Repeat exactly the line that contains "Hommage à Miami" and every line after it, down to the last line of the entries below. Do not include pictures.

___

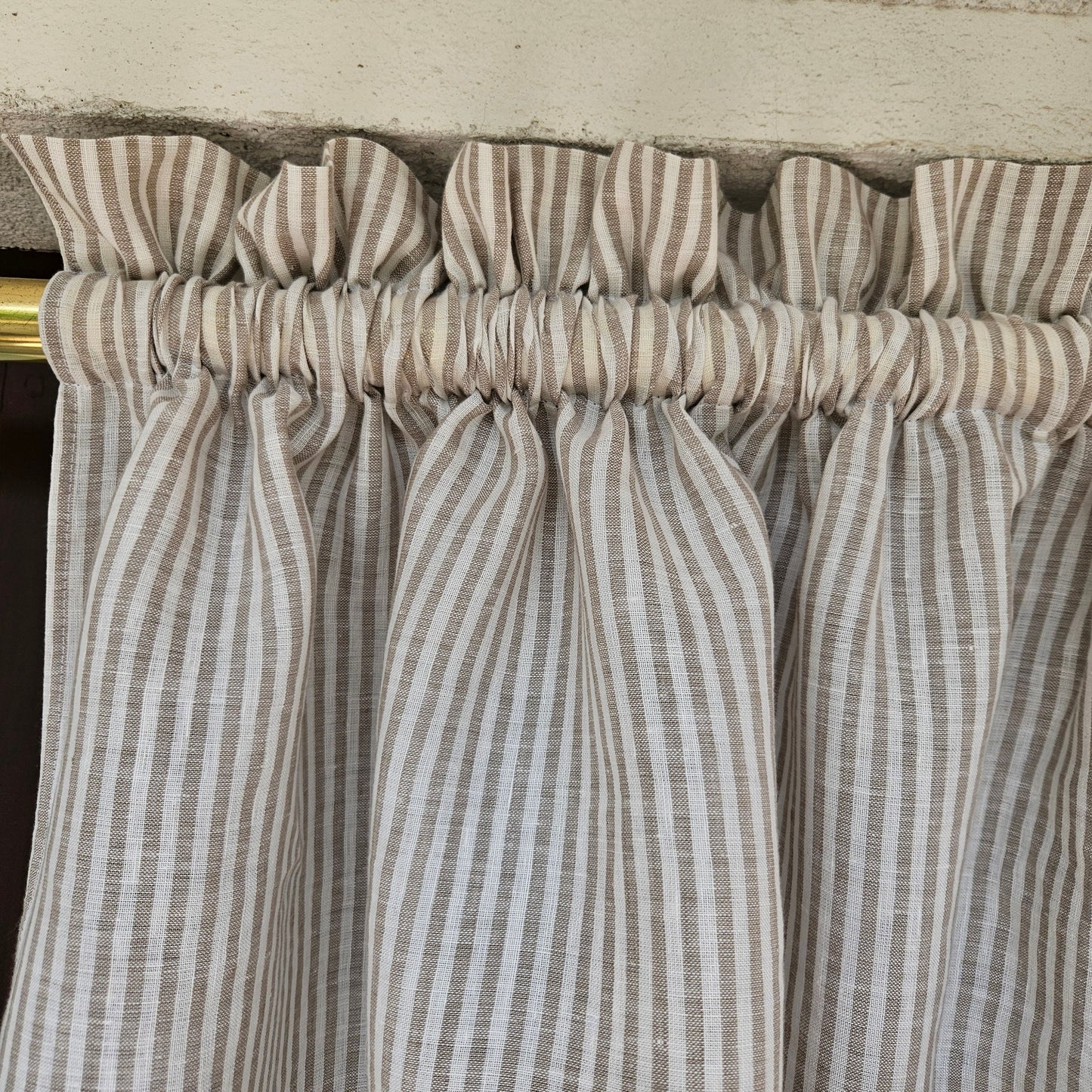 Naturliga linne cafégardiner i anpassad storlek med ränder, anpassad storlek bondgårdsfönsterpanel, vardagsrum café kök fönstergardin kappa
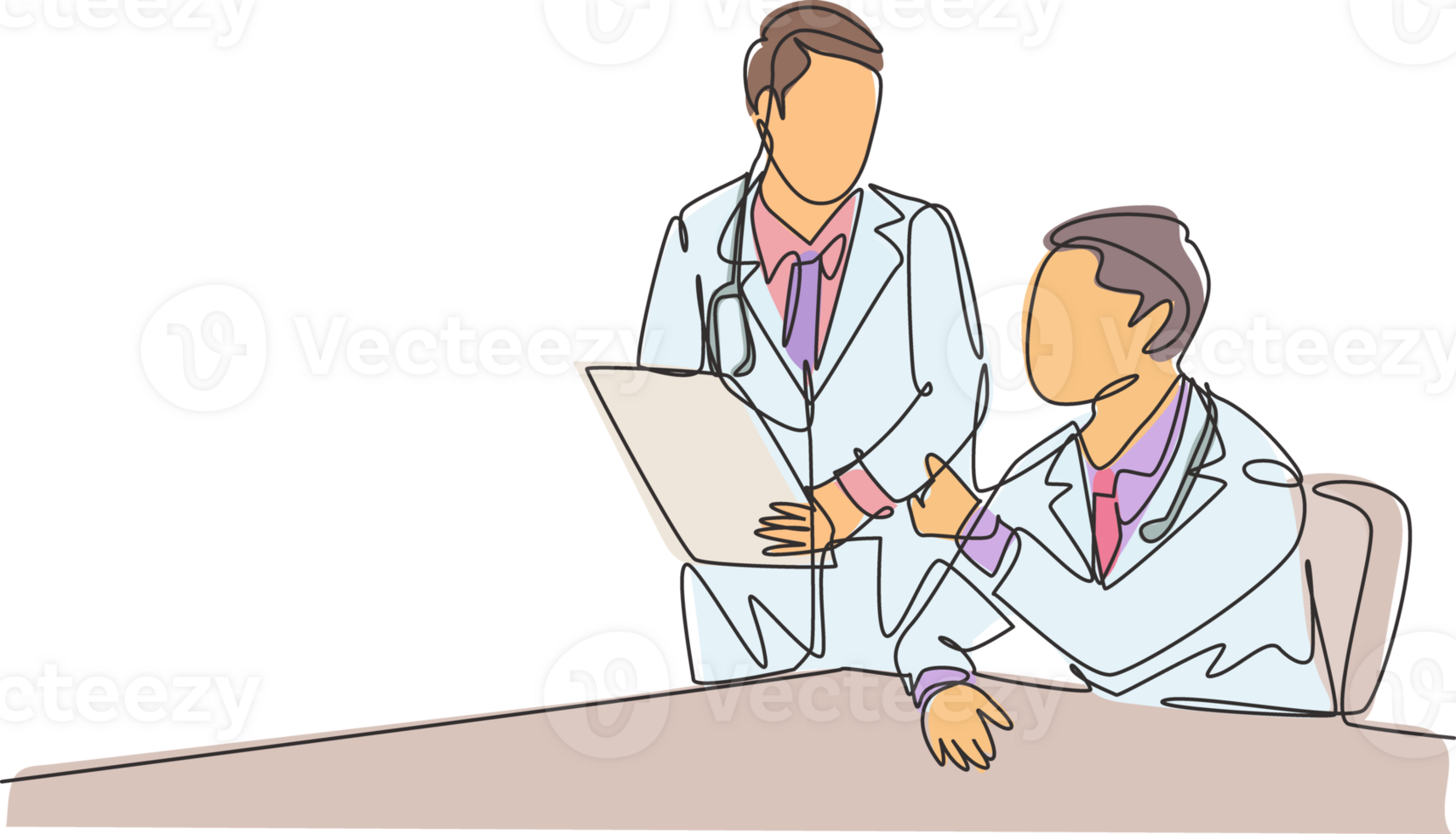 One continuous line drawing of two young doctor discuss and diagnosing patient illness from their x-ray photo result. Hospital health care service concept single line draw design illustration png
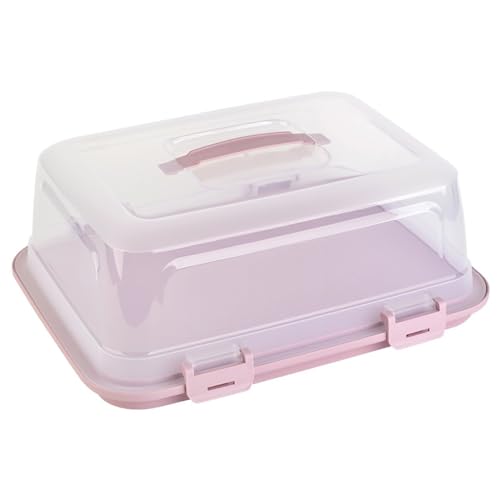 Engelland Rechteckige Kuchen-Transportbox mit Griff, Deckel und 4-fach Klick-Verschluss, Farbe: Rosa-Transparent, 44 x 35 x 17,50 cm, BPA-frei, Torten-haube, Stückeinteilungshilfe von Engelland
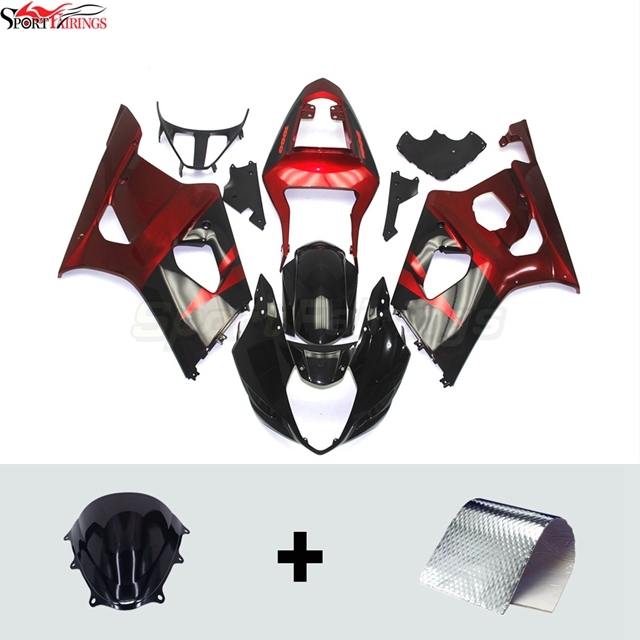 Sportfairings Fairing Kit fit for Suzuki GSXR1000 2003 - 2004 - Black Dark Red
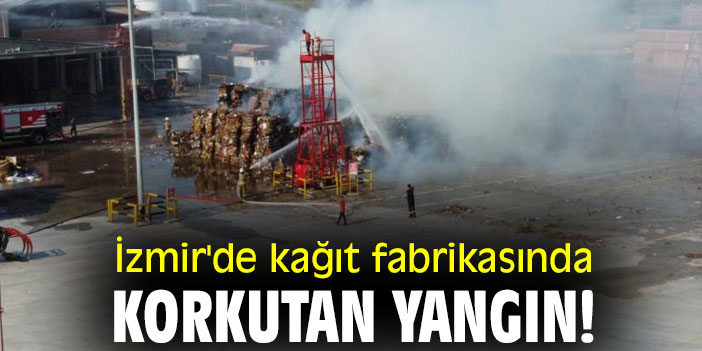 İzmir'de kağıt fabrikasında korkutan yangın!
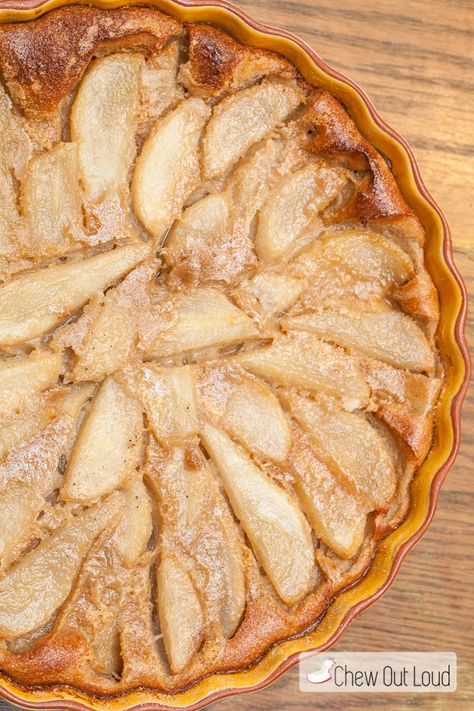 Julia Child's Pear Clafoutis. Delicious Custard Center and Puffy Soufflé Top. Impressive yet simple. Pear Clafoutis, Clafoutis Recipes, Julia Child Recipes, Pear Dessert, Pear Recipes, French Dessert, Fruity Desserts, Sweet Wine, French Cooking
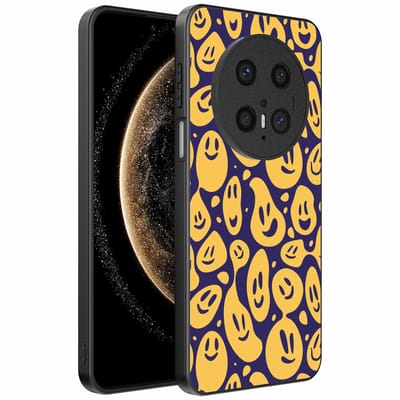 Geschikt voor Huawei Mate 70 Telefoonhoesje met smiley opdruk - TPU backcover case emoji design - Paars Geel - Smartphonica geschikt voor Huawei Mate 70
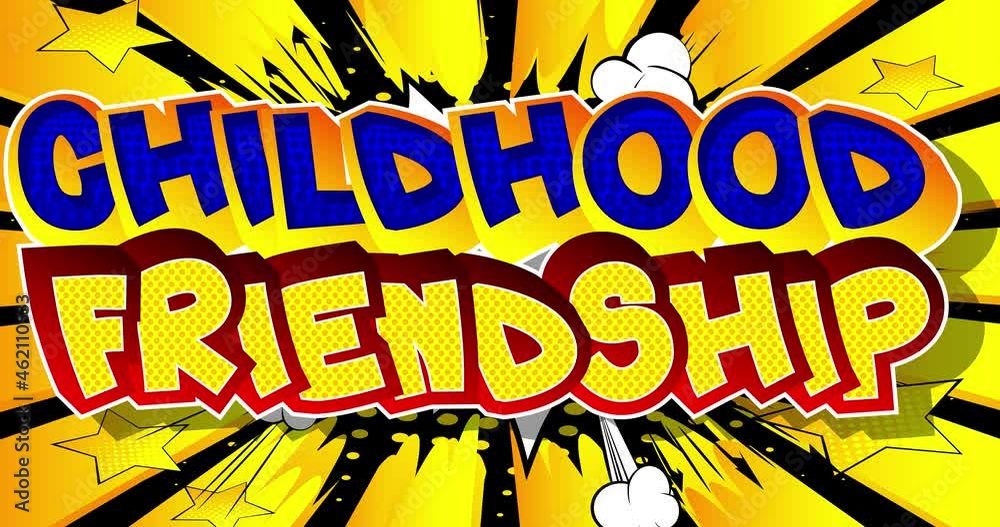 Childhood Friendship. Motion poster. 4k animated Comic book word text moving back and forth on abstract comics background. Retro pop art style.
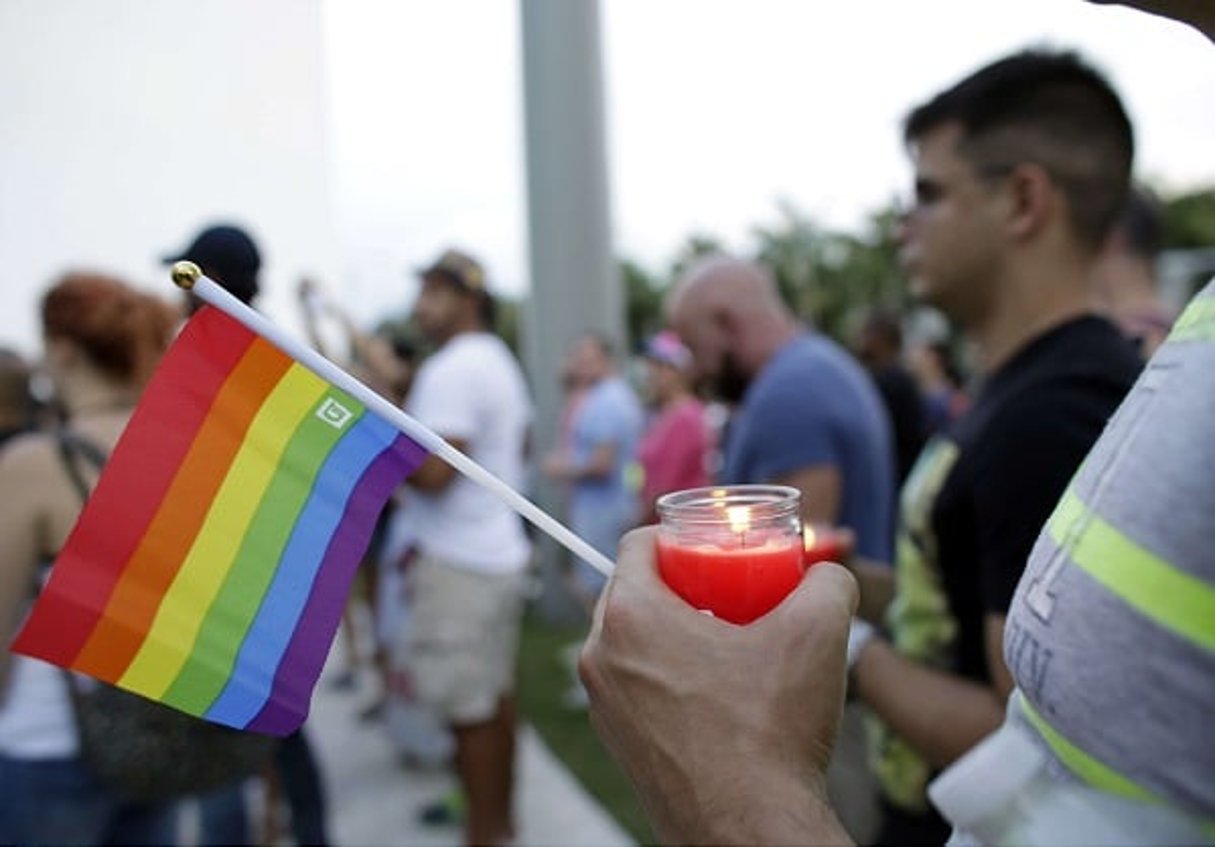 Hommage à Miami aux victimes de l’attentat d’Orlando du 12 juin 2016. © Lynne Sladky/AP/SIPA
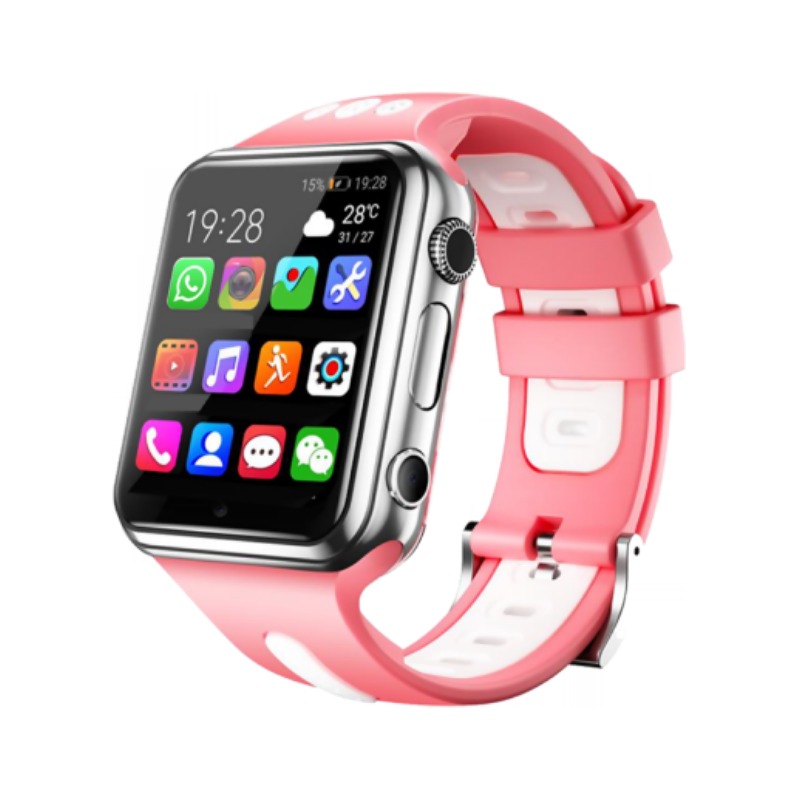 תקריב על מסך ה-IPS 1.54 אינץ' והממשק בשעון MeWatch K10 Pro Pink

___

__Result of this exercise__.
 Hommage à Miami aux victimes de l’attentat d’Orlando du 12 juin 2016. © Lynne Sladky/AP/SIPA
 תקריב על מסך ה-IPS 1.54 אינץ' והממשק בשעון MeWatch K10 Pro Pink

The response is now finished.